───── SUPPLIED MATERIAL
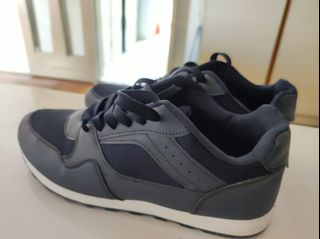 （分類：）位於 。 由 felix008 提交（商品編號 1188308091，圖片 1）。簡介： 。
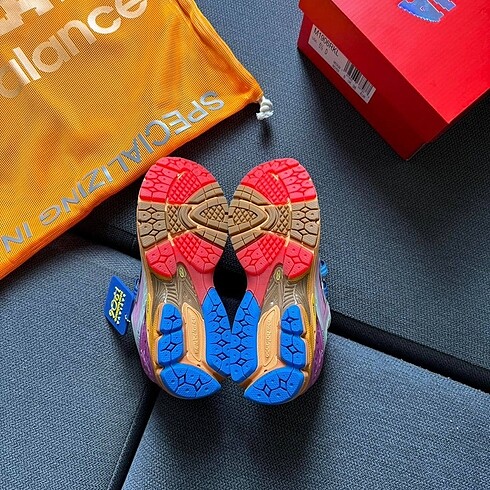 37 Beden New Balance 1906 R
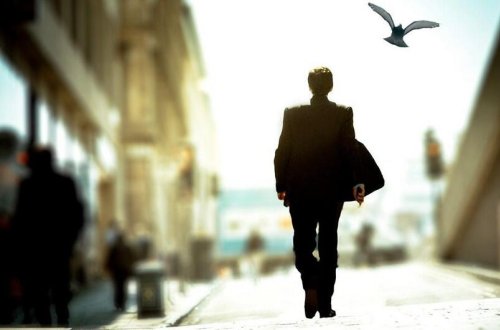 Azərbaycanda polis bu şəxsi axtarır - Arvadının qulağını kəsib qaçdı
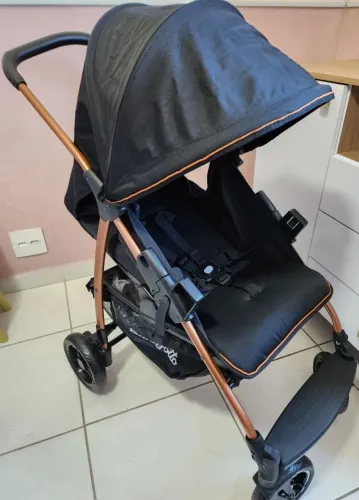 Burigotto Carrinho de Bebê Preto até 22kg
──────────
_WORK REQUIRED_. Give an exact copy of the material, leaving out every picture.

_TASK OUTPUT_.
 （分類：）位於 。 由 felix008 提交（商品編號 1188308091，圖片 1）。簡介： 。
 37 Beden New Balance 1906 R
 Azərbaycanda polis bu şəxsi axtarır - Arvadının qulağını kəsib qaçdı
 Burigotto Carrinho de Bebê Preto até 22kg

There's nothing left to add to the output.